Lines 169-230: Claudius and Gertrude enter with Laertes, other courtiers and attendants, emphasizing the public nature of the duel in contrast to the secret intentions of Claudius and Laertes. The king joins Hamlet's and Laertes' hands and Hamlet asks for Laertes' pardon, explaining that his actions were "Never Hamlet," but the result of "madness" which caused "Hamlet from himself [to] be taken away," again reinforcing the fragmented nature of his identity. Laertes will not consider "reconcilement" until he has consulted "some elder masters" on the matter of honor, but he accepts Hamlet's "offered love." They begin to fence.

Lines 231-325: The fight signifies a shift from "words" to "action." After all the contemplation and conversation, we are presented with fast and confusing activity, added to by the various characters' brief comments and asides. There is a switch of rapiers, resulting in both Hamlet and Laertes being stabbed with the poisoned blade. Gertrude, meanwhile, mistakenly drinks the poisoned wine. She dies and Hamlet demands that they seek out the treachery that killed her. Laertes, realizing that he and Hamlet are both dying, explains everything and blames Claudius. Hamlet kills Claudius with the poisoned sword, finally fulfilling his quest for revenge. Laertes begs Hamlet to "exchange forgiveness" with him and dies. Hamlet forgives Laertes and curses the courtiers who stand around and watch as "but mutes or audience to this act," sustaining the theatrical awareness to the end. Horatio wishes to drink the poison and die, but Hamlet begs him to remain alive "in this harsh world," so as to tell Hamlet's story. A "warlike noise" is heard, and Osric explains that Fortinbras and the English ambassadors have arrived. Hamlet announces that Fortinbras will be the next king of Denmark and dies.

Lines 326-353: Fortinbras asks what has happened, and Horatio promises to tell him. We learn that Rosencrantz and Guildenstern are dead. Fortinbras claims the Danish throne and orders that Hamlet be given a military funeral.

HAMLET IN PERFORMANCE:

THE RSC AND BEYOND

The best way to understand a Shakespeare play is to see it or ideally to participate in it. By examining a range of productions, we may gain a sense of the extraordinary variety of approaches and interpretations that are possible--a variety that gives Shakespeare his unique capacity to be reinvented and made "our contemporary" four centuries after his death.
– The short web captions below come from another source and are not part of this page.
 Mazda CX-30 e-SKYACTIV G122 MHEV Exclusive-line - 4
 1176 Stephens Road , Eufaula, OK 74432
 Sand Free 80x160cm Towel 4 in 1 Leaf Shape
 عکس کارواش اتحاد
We begin with a brief overview of the play's theatrical and cinematic life, offering historical perspectives on how it has been performed. We then analyze in more detail a series of productions staged over the last half-century by the Royal Shakespeare Company. The sense of dialogue between productions that can only occur when a company is dedicated to the revival and investigation of the Shakespeare canon over a long period, together with the uniquely comprehensive archival resource of promptbooks, program notes, reviews and interviews held on behalf of the RSC at the Shakespeare Birthplace Trust in Stratford-upon-Avon, allows an "RSC stage history" to become a crucible in which the chemistry of the play can be explored.
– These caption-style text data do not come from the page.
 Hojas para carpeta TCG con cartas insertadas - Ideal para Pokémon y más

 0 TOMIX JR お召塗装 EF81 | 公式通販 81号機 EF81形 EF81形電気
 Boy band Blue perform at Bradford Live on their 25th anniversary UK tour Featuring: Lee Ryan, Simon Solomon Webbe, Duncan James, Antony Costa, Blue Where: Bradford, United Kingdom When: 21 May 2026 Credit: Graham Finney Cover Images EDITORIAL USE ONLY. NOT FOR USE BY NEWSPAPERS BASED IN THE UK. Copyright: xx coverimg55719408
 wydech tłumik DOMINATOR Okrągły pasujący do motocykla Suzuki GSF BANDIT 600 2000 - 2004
Finally, we go to the horse's mouth. Modern theater is dominated by the figure of the director. He, or sometimes she (like musical conducting, theater directing remains a male-dominated profession), must hold together the whole play, whereas the actor must concentrate on his or her part. The director's viewpoint is therefore especially valuable. Shakespeare's plasticity is wonderfully revealed when we hear directors of highly successful productions answering the same questions in very different ways.

FOUR CENTURIES OF HAMLET: AN OVERVIEW

Hamlet is the best-known and most discussed of all Shakespeare's plays. It is also one of the most frequently performed. The many early references to it suggest that this has always been the case. There is then a remarkably full stage history which reveals a certain continuity and predictability by way of a perpetual focus on the figure of the prince himself, claims for the "naturalistic" quality of the actor's performance, a sense of the play's special capacity to catch the contemporary Zeitgeist, cutting and rearranging of the text, and the international dimension and appeal of the play. The legendary centrality of the prince--with nearly forty percent of the lines--has led to the focus on the performance of the leading actor in the main part, particularly in historical productions in which the cutting of the text increased the relative size of the role. Such a focus is problematic but inevitable and does have some value, as the modern critic Anthony Dawson recognizes:

I am aware of perpetuating the discredited tradition of equating performance history with detailed accounts of how one or another famous actor played a single role. But one explanation is that the available source materials make such an emphasis almost unavoidable; moreover, leading actors express in heightened ways features of cultural style, and when they take on Hamlet they help to reveal an era's understanding of subjectivity.1

Thanks to an anonymous elegist writing on the death of Richard Burbage, the leading actor in Shakespeare's company, we know that Burbage played the part in the early seventeenth century:

He's gone and with him what a world are dead!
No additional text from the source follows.